Sur la procédure abusive
Il résulte de l’article 1240 du Code civil que celui qui agit en justice de manière dilatoire ou abusive peut être condamné à des dommages et intérêts. Il convient toutefois de rappeler que l’exercice d’une action en justice constitue en principe un droit et ne dégénère en abus de droit qu’en cas de mauvaise foi, d’intention de nuire ou d’erreur grossière équivalente au dol.
En l’espèce, M. [M] ne démontre pas que la présente action en justice est constitutive d’un abus de droit. En effet, s’il est vrai qu’il a fait des efforts en coupant ses haies conformément à la demande de la partie demanderesse, il n’en demeure pas moins que son action en justice visant à lui faire retirer également les troncs est tout à fait légitime.
Aussi, la preuve d’une intention de nuire n’est pas rapportée par M. [M] et il ne peut lui être reproché, à ce stade, d’être convaincu d’agir dans son bon droit
Par conséquent cette demande sera rejetée.
Sur les autres demandes
Sur l’article 700 du code de procédure civile et les dépens
Aux termes de l’article 700 du code de procédure civile, le juge condamne la partie tenue aux dépens, ou, à défaut, la partie perdante, à payer à l’autre partie la somme qu’il détermine, au titre des frais exposés et non compris dans les dépens ; dans tous les cas, le juge tient compte de l’équité et de la situation économique de la partie condamnée.
En l’espèce, au regard de la nature des faits, les parties seront condamnés à payer les dépens par moitié et il convient de renvoyer chaque partie à supporter les frais qu’elle a exposé.
M. [M] sera débouté de sa demande.
Sur l’exécution provisoire
Selon l’article 514 du code de procédure civile, les décisions de première instance sont de droit exécutoires à titre provisoire à moins que la loi ou la décision rendue n’en dispose autrement.
Toutefois, selon l’article 514-1 du même code, le juge peut écarter l’exécution provisoire de droit, en tout ou partie, s’il estime qu’elle est incompatible avec la nature de l’affaire.
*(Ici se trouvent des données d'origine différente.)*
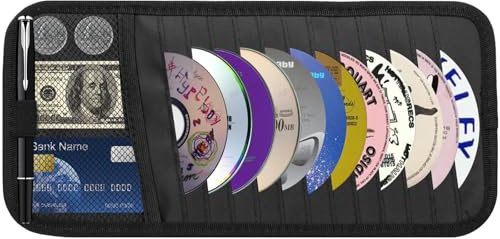 Car CD & DVD Holder - Large Capacity CD Visor Case, Vehicle Visor Storage Organizer with 12 Disc Sleeves, 1 Mesh Pocket 1 Pen Holder and & Elastic Band (Black)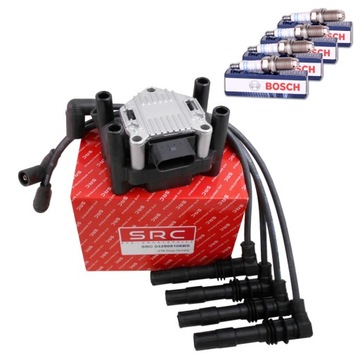 Котушка запалювання дроти свічки bosch vw golf 4 iv 1.4 16v 1.6 16v фото №1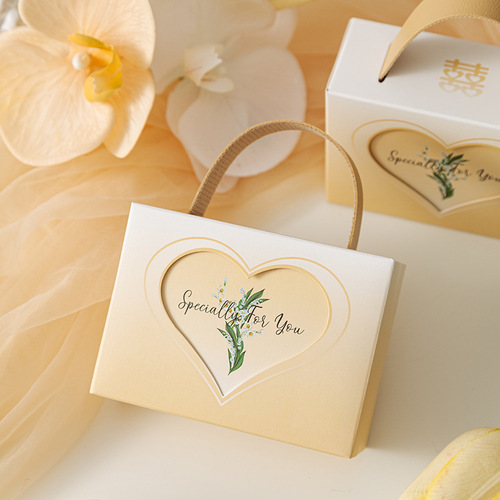 新款喜糖盒创意花卉樱花手提式婚礼礼盒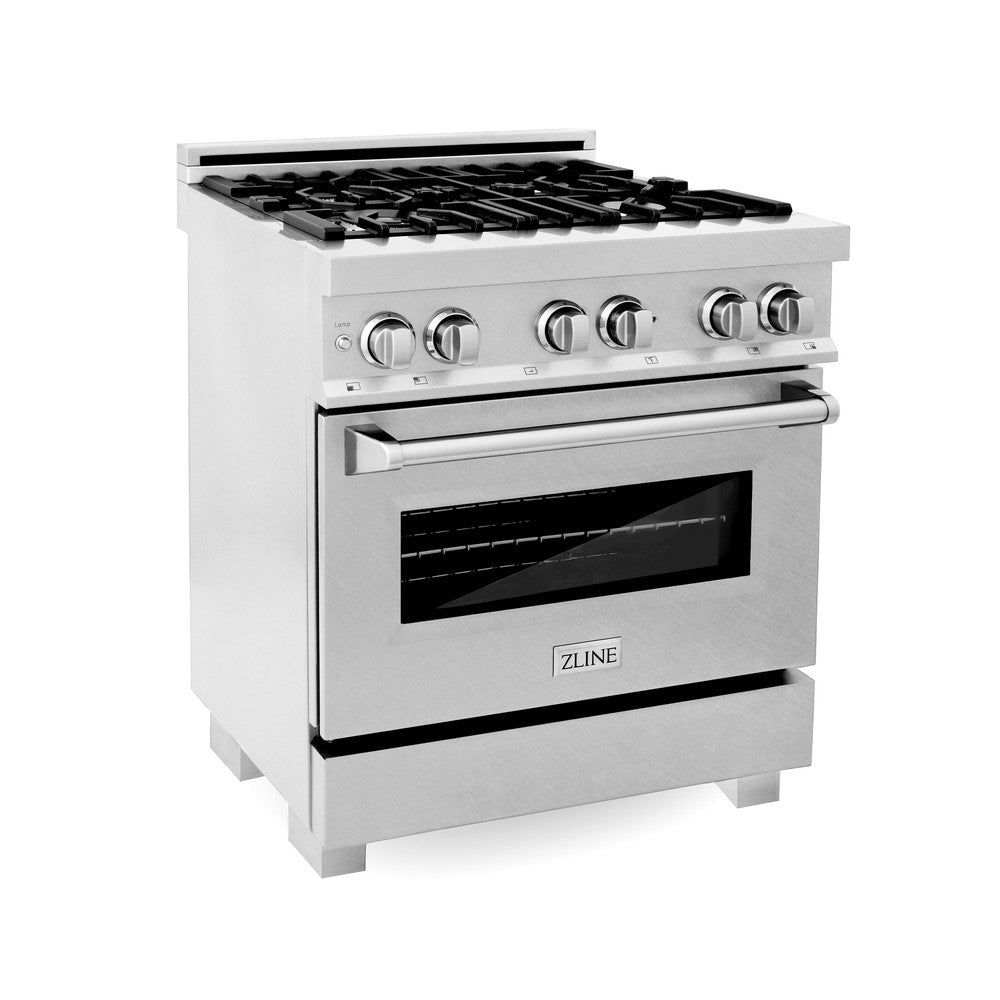 ZLINE 30 in. Kitchen Package with Satin Stainless Dual Fuel Range, Ducted Vent Range Hood and Dishwasher (3KP-RASRH30-DW)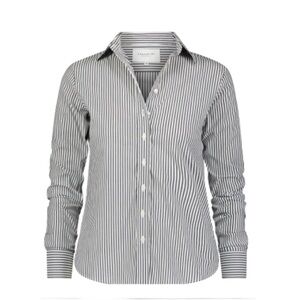 Rochelle Behrens The Shirt In Stripe Gunmetal White Shirt Women's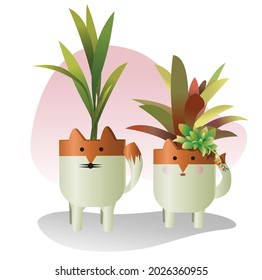 
colección vectorial de plantas de la casa con adorables macetas de flores de animales, olla de la pareja de zorros, creativo y hermoso decore de la jungla urbana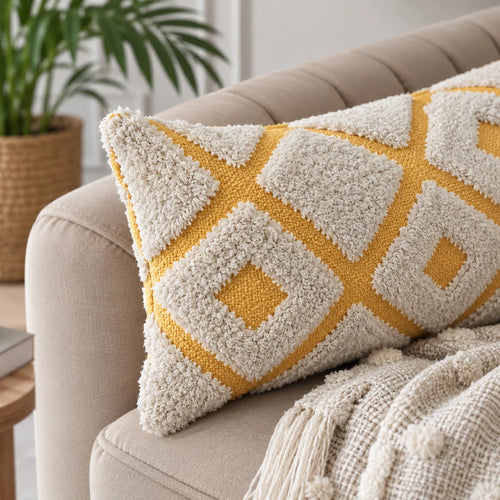 Artisan Tufted Cotton Lumbar Cushion Cover
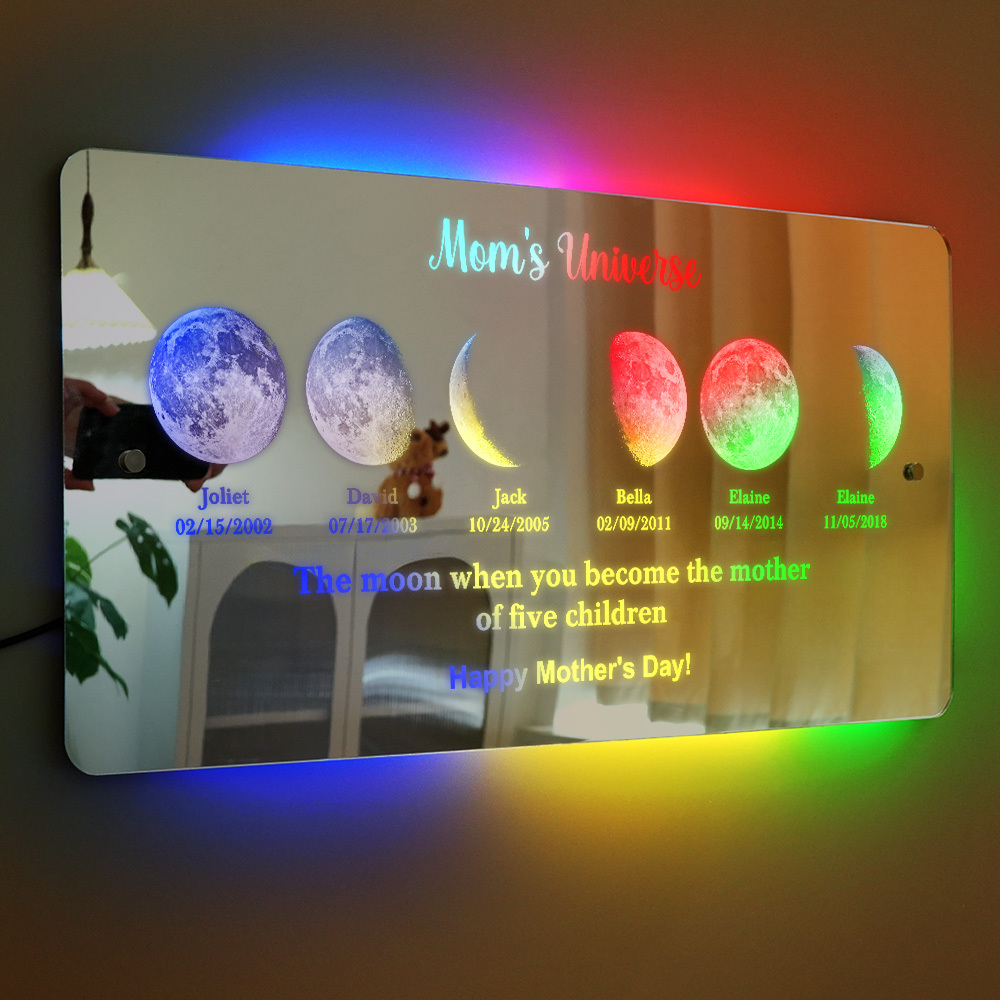 Benutzerdefinierter Led-spiegel-lichtrahmen „mom's Universe" Mit Text Und Datum, Muttertagsgeschenk - FotoSocken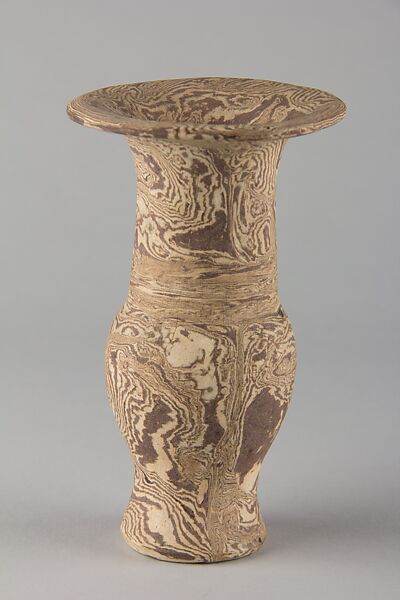 Vase, Stoneware with marbelized clay, China
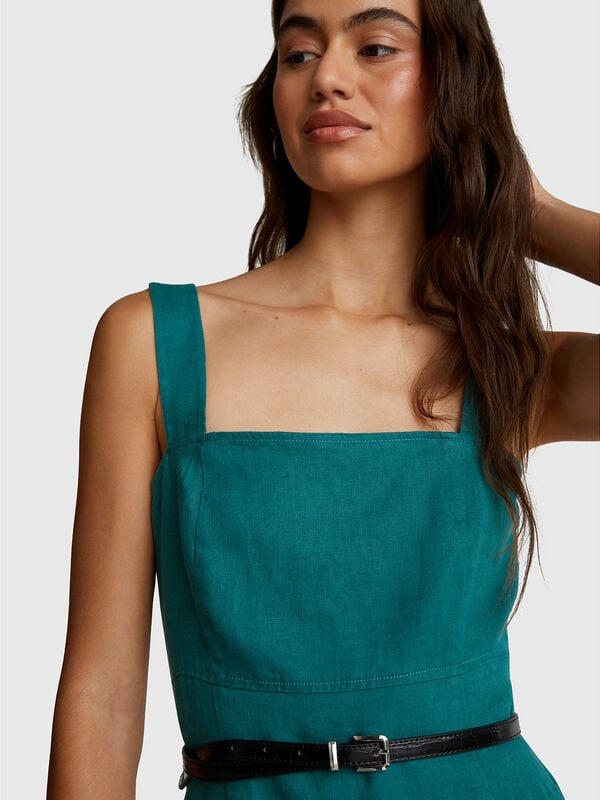 Kleid mit quadratischem Ausschnitt aus reinem Leinen Damen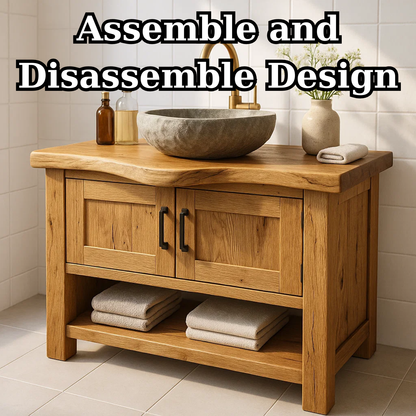 Handcrafted Solid Wood Bathroom Vanity - Rustic Live Edge Cabinet & Open Shelf Kitchnce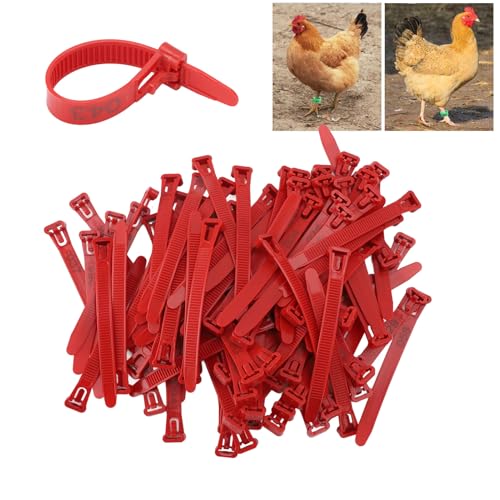 100pcs Chicken Leg Bands Rubber Chicken Identification Leg Bands Adjustable Duck Leg Bands Fadeless Numbered Poultry Chicken Identification Leg Tags for Farm Turkey Duck Chicken - color: Red
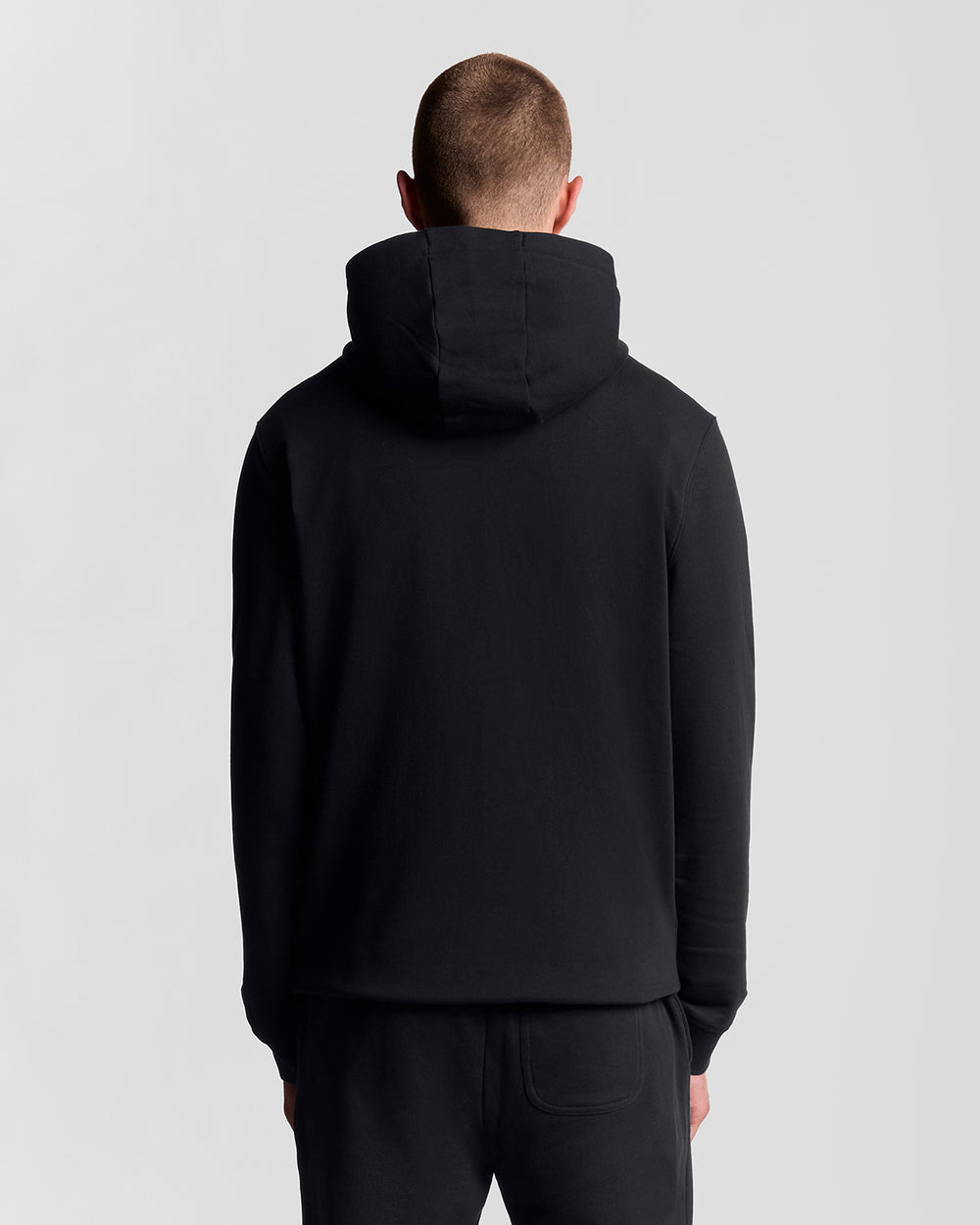 Lyle & Scott Mens Loopback Cotton Full Zip Hoodie | Jet Black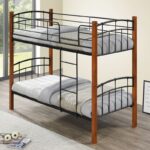 NORTLAN Κρεβάτι Κουκέτα Μέταλλο Βαφή Μαύρο, Ξύλο Καρυδί 97x201x160cm (Στρώμα 90x190cm) - Image 3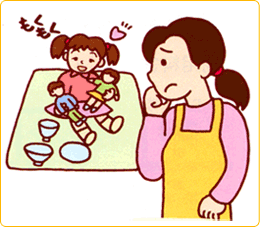 ひとりで遊ぶ女の子を心配するお母さんのイラスト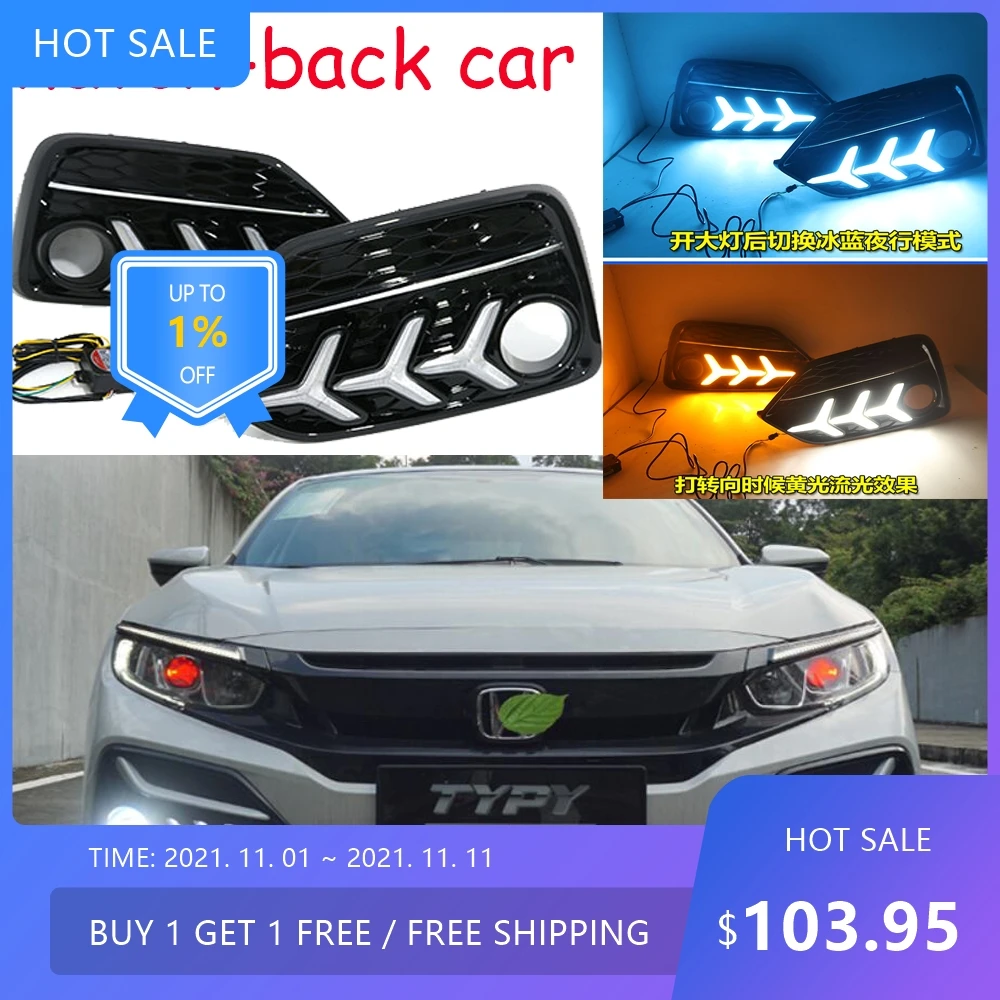 Farol dianteiro dinâmico para Civic hatchback, luz diurna, 2020~2022, LED, acessórios automotivos, farol de neblina.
Il statue, d’office ou à la demande d’une partie, par décision spécialement motivée.
En l’espèce, compte tenu de la nature du litige et de la nécessité pour la partie défenderesse de vendre son terrain, il n’y a pas lieu d’écarter l’exécution provisoire de la présente décision, celle-ci sera rappelée.
PAR CES MOTIFS,
La juge des contentieux de la protection, statuant après débats publics, par jugement mis à disposition au greffe, contradictoire et en premier ressort,
DEBOUTE Mme [H] [Y] épouse [G] de sa demande principale,
DEBOUTE M. [K] [M] de sa demande reconventionnelle, et par voie de conséquence de condamnation sous astreinte,
DEBOUTE M. [K] [M] de sa demande de condamnation formée au titre de la procédure abusive,
DEBOUTE M. [K] [M] de sa demande de condamnation au titre des dispositions de l’article 700 du code de procédure civile,
CONDAMNE les parties au paiement des dépens par moitié,
RAPPELLE que le présent jugement est exécutoire de plein droit à titre provisoire.
Ainsi jugé et mis à disposition le 05 juin 2025.